Redshift Spectrum and Zero-ETL Integrations
Redshift can query data directly in S3 without loading it (Spectrum), and can receive near-real-time data from Aurora and DynamoDB via Zero-ETL.
| Feature | What It Does | Use Case |
|---|---|---|
| COPY command | Bulk load from S3, DynamoDB, Kinesis, EMR into Redshift tables | Initial data load; daily batch ingestion |
| Redshift Spectrum | Query S3 data (Parquet, CSV, ORC) via external tables without loading | Data lake queries; historical cold data in S3 |
| Zero-ETL (Aurora) | Near-real-time replication of Aurora data into Redshift automatically | Operational analytics without DMS pipelines |
| Zero-ETL (DynamoDB) | Replicate DynamoDB tables into Redshift | Flatten NoSQL data for SQL analytics |
| UNLOAD command | Export query results to S3 in parallel | Data export; feeding downstream pipelines |
-- COPY data from S3 (most efficient ingestion method)
COPY sales
FROM 's3://my-bucket/sales/2024/'
IAM_ROLE 'arn:aws:iam::123456789012:role/RedshiftS3Role'
FORMAT AS PARQUET;
-- Query S3 data directly with Spectrum
SELECT s.customer_id, SUM(s.amount)
FROM spectrum_schema.cold_sales s
JOIN public.customers c ON s.customer_id = c.id
WHERE s.sale_date >= '2023-01-01'
GROUP BY 1;
-- UNLOAD results to S3
UNLOAD ('SELECT * FROM sales WHERE sale_date = CURRENT_DATE')
TO 's3://my-bucket/daily-export/'
IAM_ROLE 'arn:aws:iam::123456789012:role/RedshiftS3Role'
FORMAT PARQUET PARALLEL ON;Performance Tuning: WLM, Vacuum, Analyze
Redshift performance degrades over time without maintenance.
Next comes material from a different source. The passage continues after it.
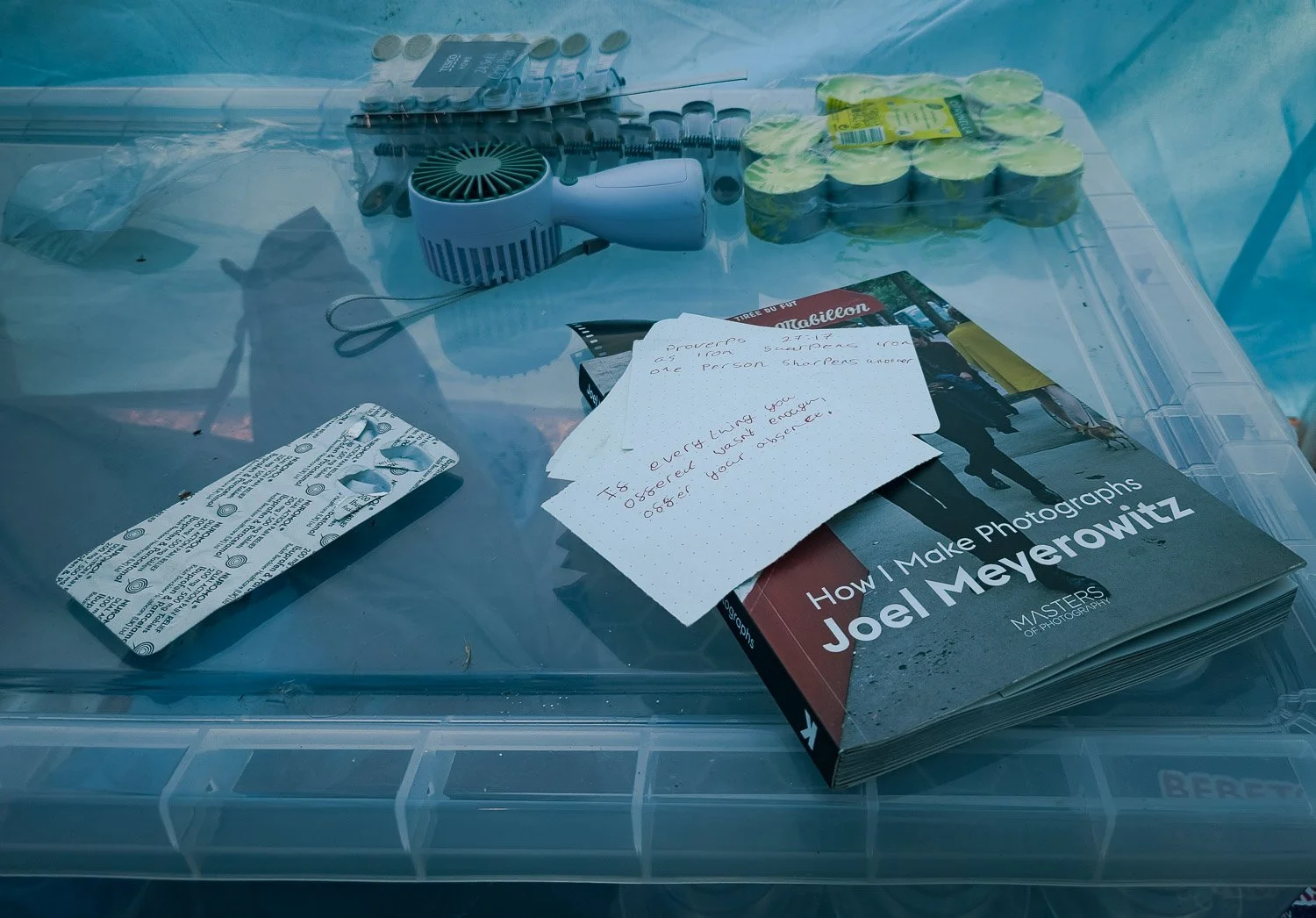 A plastic storage box containing a book titled "How I Make Photographs" by Joel Meyerowitz, notes, a small fan, a sheet of paper with handwritten text, a package of yellow sponges, and a pack of batteries.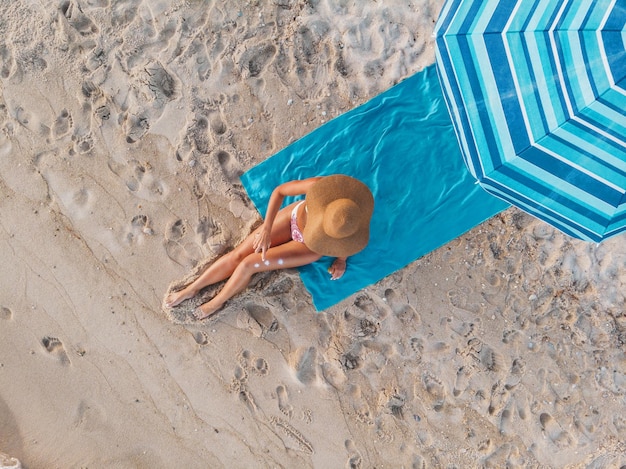 Vue de dessus d'une belle jeune femme qui profite d'un bain de soleil sur la plage vêtue d'un bikini. Elle se détend sur la serviette de plage bleue sous le parapluie bleu.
The three main operational tasks are WLM tuning (managing query queues), VACUUM (reclaiming space from deletes/updates), and ANALYZE (updating table statistics).
| Operation | Purpose | When to Run |
|---|---|---|
| VACUUM | Reclaims space from deleted rows; re-sorts unsorted rows | After large delete/update operations; scheduled weekly |
| ANALYZE | Updates table statistics used by the query planner | After significant data loads; automatically runs via auto-analyze |
| WLM (Workload Management) | Routes queries to queues with memory/concurrency limits | Configure to separate ETL from BI queries |
| Concurrency Scaling | Adds burst capacity for concurrent queries | Enable for unpredictable BI query bursts |
A VACUUM FULL on a large table can run for hours and consumes cluster resources. Schedule VACUUM during off-peak hours or use VACUUM SORT ONLY / VACUUM DELETE ONLY to do partial maintenance. Auto-vacuum handles most cases automatically on modern Redshift clusters.
Interview Focus Points
- 1Explain Redshift's MPP architecture. How does it differ from a standard RDBMS like PostgreSQL?
- 2What is a distribution key and how do you choose one? What happens if you choose poorly?
- 3What is a sort key in Redshift and how does it improve query performance?
- 4When would you use Redshift Spectrum instead of loading data into Redshift?
- 5Compare Redshift Serverless vs provisioned clusters. When is each more appropriate?
- 6What is the COPY command and why is it preferred over INSERT for bulk data loading?
- 7Explain WLM in Redshift. How would you configure it to separate ETL from BI query workloads?
- 8Why does Redshift performance degrade over time and how do you maintain it?
- 9How does Zero-ETL from Aurora to Redshift work? What problem does it solve?
- 10A Redshift query that used to run in 30 seconds now takes 10 minutes. How do you diagnose it?